* Activity: The material below is to be copied exactly from the line with "Ladies Fitness Shirt" up to and including the line with "Túi tote đeo", with nothing else kept and no pictures.

* Material provided:
━━━━━━━━
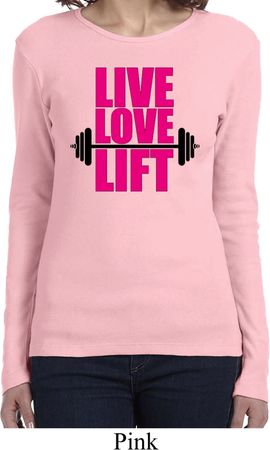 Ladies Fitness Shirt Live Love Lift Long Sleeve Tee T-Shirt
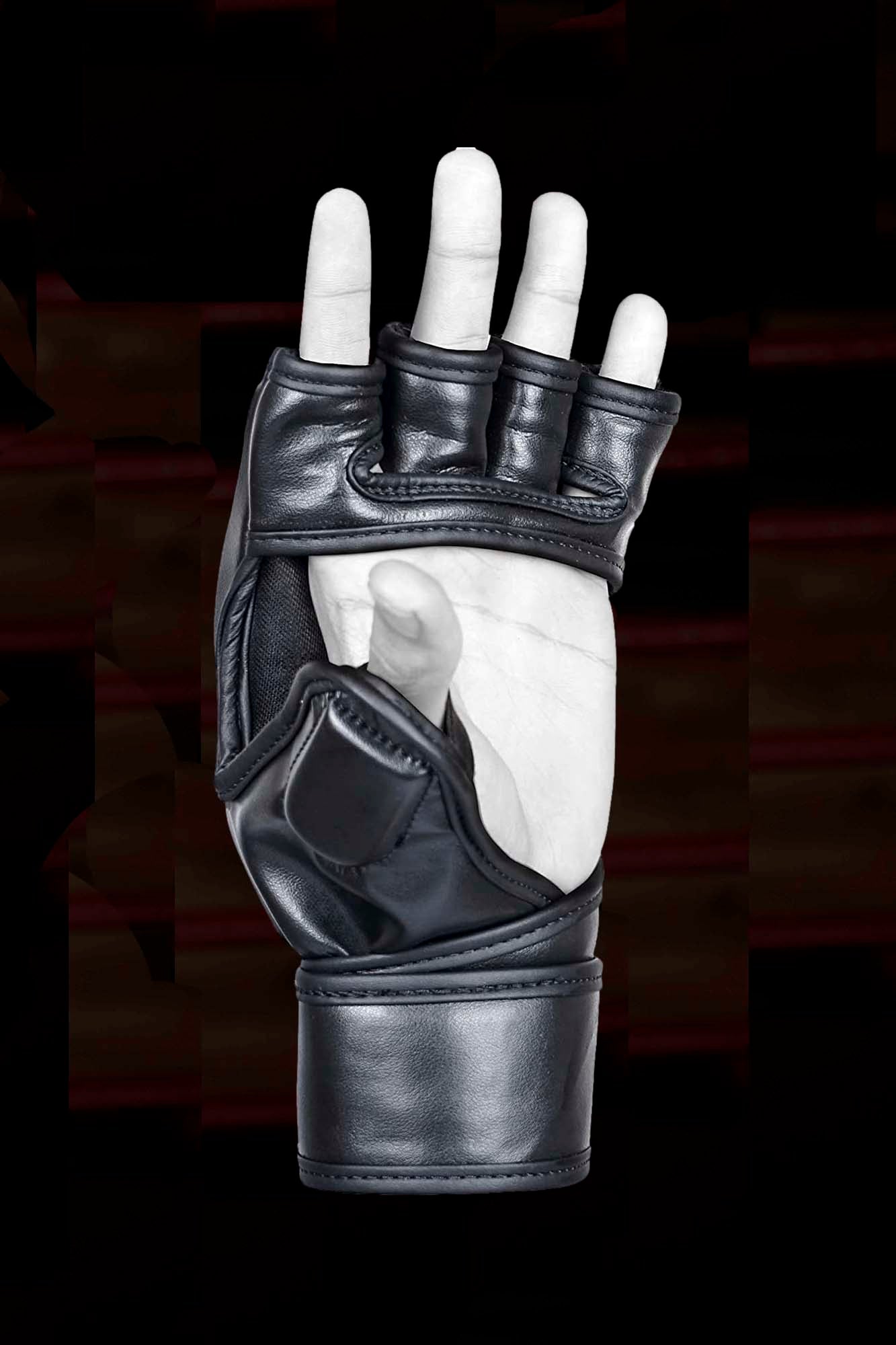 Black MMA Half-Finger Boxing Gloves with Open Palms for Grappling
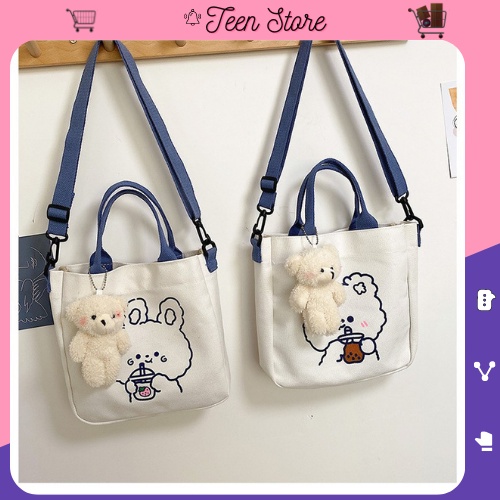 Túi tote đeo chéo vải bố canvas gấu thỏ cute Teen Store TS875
━━━━━━━━
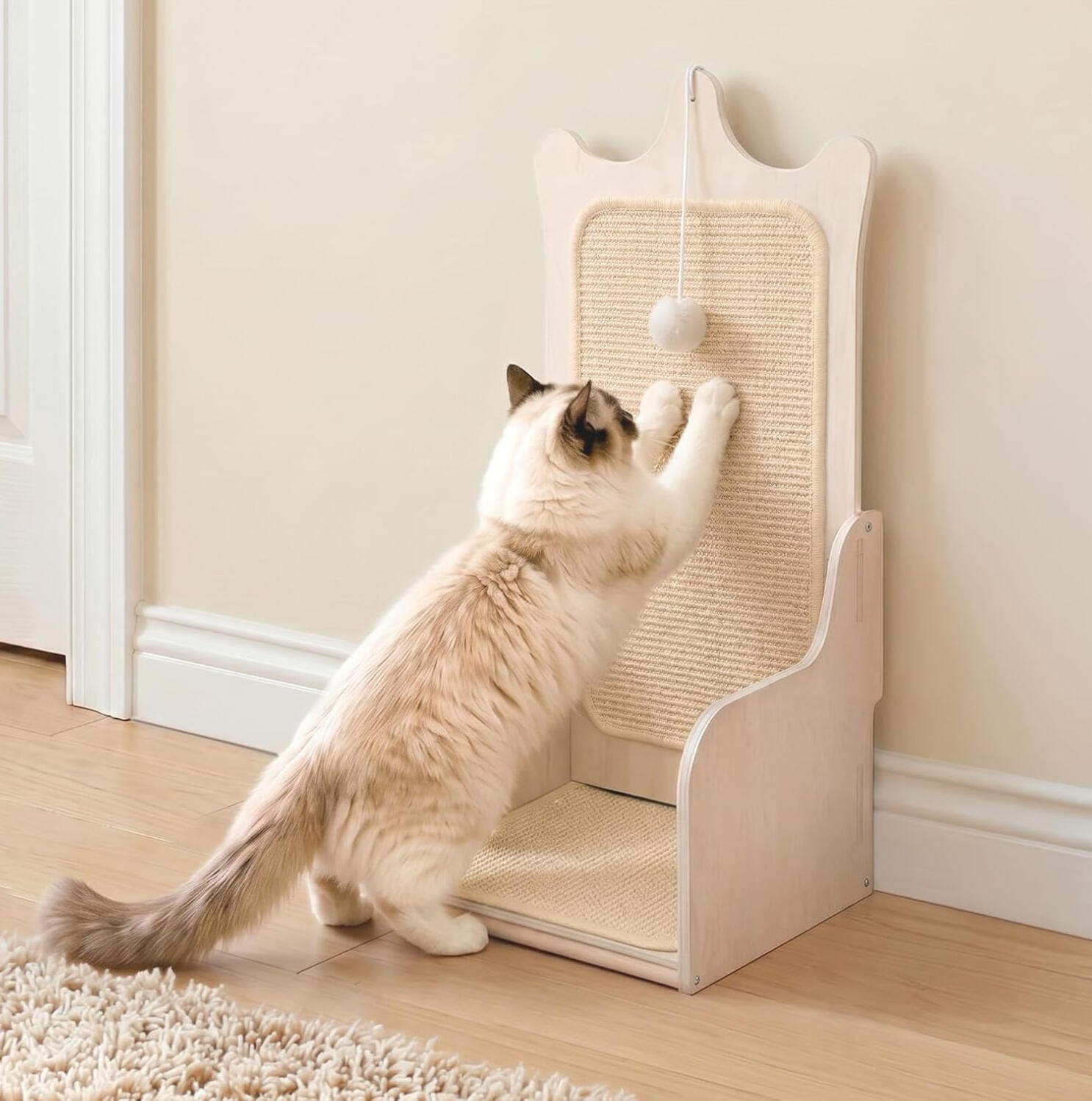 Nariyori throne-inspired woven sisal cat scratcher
━━━━━━━━
* Answer to the exercise:
 Ladies Fitness Shirt Live Love Lift Long Sleeve Tee T-Shirt
 Black MMA Half-Finger Boxing Gloves with Open Palms for Grappling
 Túi tote đeo chéo vải bố canvas gấu thỏ cute Teen Store TS875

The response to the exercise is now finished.